54. Mr. Alberto Velazco-San José, Director for North African and Middle East Affairs in the Ministry of Foreign Affairs of Cuba, pointed out that the Palestinian uprising had become the catalyst of a whole process which was taking place in the Middle East region and which had given a new dimension to the prolonged Arab-Israeli conflict. For the first time since its foundation, the State of Israel was forced to go on the defensive in the diplomatic and political areas. The intifadah had shaken the Israeli society itself and had confirmed the firm determination of the Palestinian people to achieve the rights of return, self-determination and independence. He emphasized that the price being paid by the Palestinian people was high, but necessary. Referring to their suffering and bloodshed, he said, that the Palestinians were being subjected to the same policies and practices as those applied by the creators of the ghettos, gas chambers, concentration camps and the massive deportations of Jewish citizens in Europe. He noted that today many Western countries had become aware of the real situation in the occupied territories and had begun to modify their positions. The image of Israel had suffered serious setbacks among its own allies.
55. He stressed that the intifadah had created a new situation in the region and had brought nearer the possibility of a negotiated solution to the Middle East conflict and in particular to the Palestine question. He stated that today more than ever, there was a need for the International Peace Conference on the Middle East. The members of the PLO, the sole and legitimate representative of the Palestinian people, must participate in the conference on an equal footing. The holding of that conference would not be easy because of the interests of those opposing it and in particular the negative attitude of the Governments of the United States and Israel, which persisted in offering different plans and compromise formulae which sought only to reduce the part to be played by the PLO. He stressed that international public opinion must be mobilized against those plans and in favour of the urgent convening of the International Peace Conference.
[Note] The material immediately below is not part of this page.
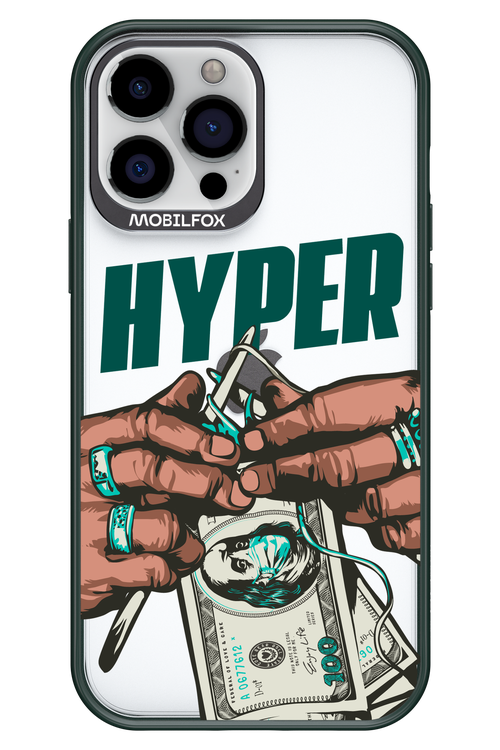 KNIT Transparent 2.0 - Apple iPhone 13 Pro Max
In conclusion, he emphasized that in Latin America it was imperative to promote a broad movement designed to secure the recognition of the Palestinian State.
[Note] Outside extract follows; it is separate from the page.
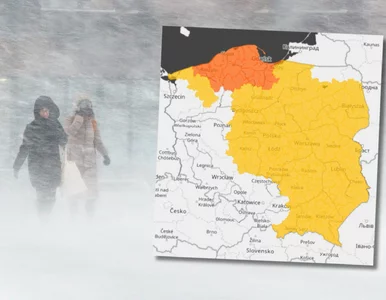 Miniatura: Silne śnieżyce i trzaskający mróz uderzą w...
"The role of the Palestine Liberation Organization in the social,
cultural, economic and political development of the Palestinian people"
56. Ms. Wejdan Al-Borno, Palestinian and doctor in English philology, dealt in her paper with the situation of Palestinian women. She referred to the nineteenth session of the Palestine National Council, which had declared the establishment of the State of Palestine – a State in which government policy would be based on the principles of social justice, equality and non-discrimination with respect to the exercise of the rights of men and women, regardless of colour, race or creed. The Council had paid a special tribute to the heroic Palestinian women. To that end, Palestinian women had fought to increase their influence in all spheres -political, economic, social and cultural. A major role in that process had been played by the General Union of Palestinian Women, established in 1965 in unison with the Palestinian revolution. The Union was the organization representing women, and provided an essential base for their struggle. From the start, it had its various activities and achievements, among them: socio-cultural programmes through literary centres, vocational training and establishment of an extensive network of day-care and pre-school centres in refugee camps, setting up of food-production and nutrition centres, training in civil defence and relief, as well as participation in the armed struggle, development of relations with various organizations in the Palestinian, Arab and international spheres. Palestinian women not only were active within the framework of the Union, but went further by joining various Palestinian associations and trade unions.
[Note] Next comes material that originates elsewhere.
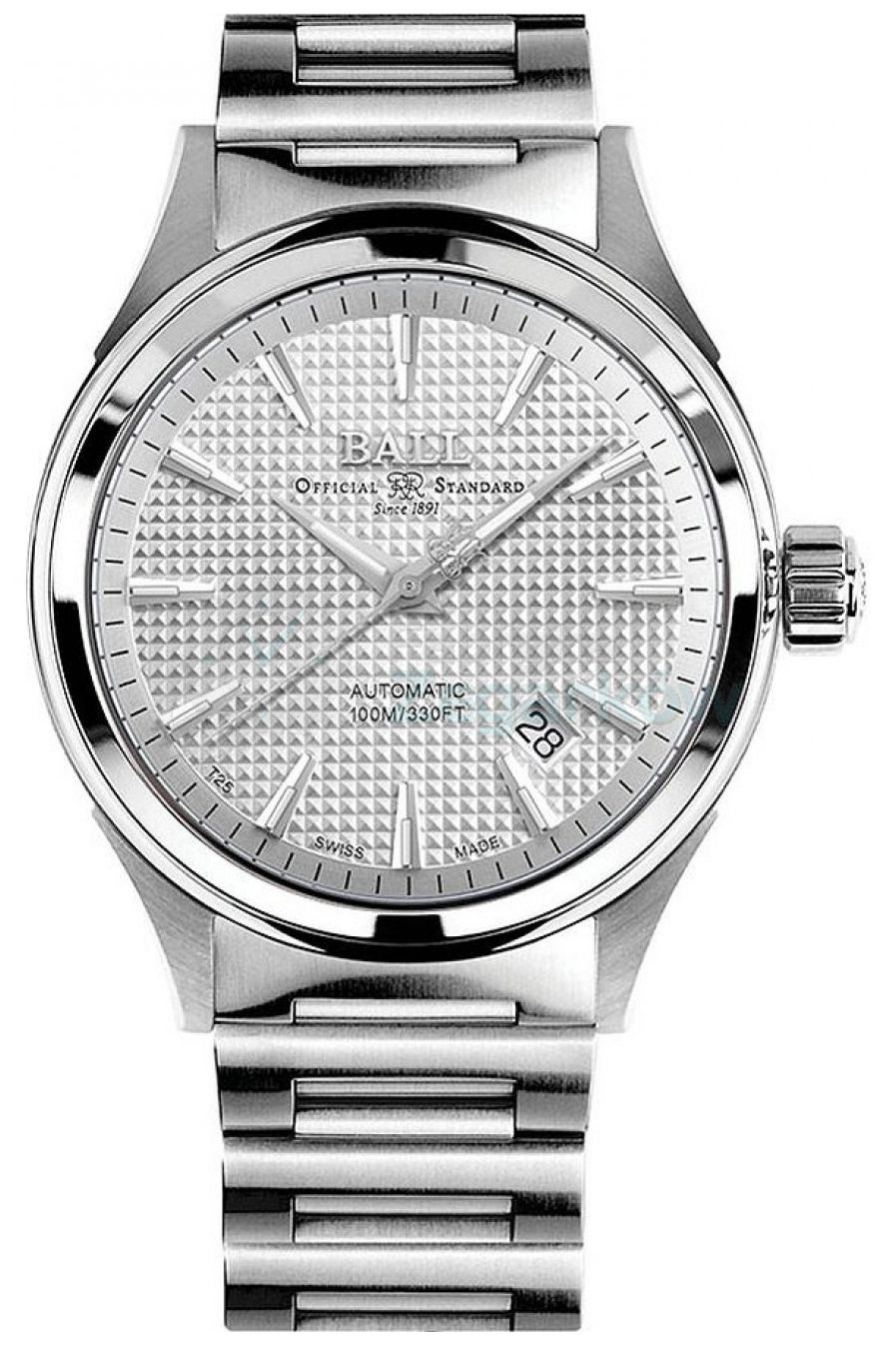 Ball Watch Company Victoire des pompiers | bracelet en acier montre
57. She stated that by the midpoint of the current decade, Palestinian women had achieved a high level of participation in workshops run by the Palestine Martyrs' Works Society or SAMED, which had a preferential employment policy for the families of martyrs, with women making up 67 and 27 per cent of the membership of the two governing bodies. There had also been an increase from 4 per cent to the current level of 10 per cent in the representation of women within the various political departments and organs such as the Palestine National Council. She mentioned further the development of social-welfare services provided by women to the Palestinian masses in exile. She underscored the participation of women in the work-force.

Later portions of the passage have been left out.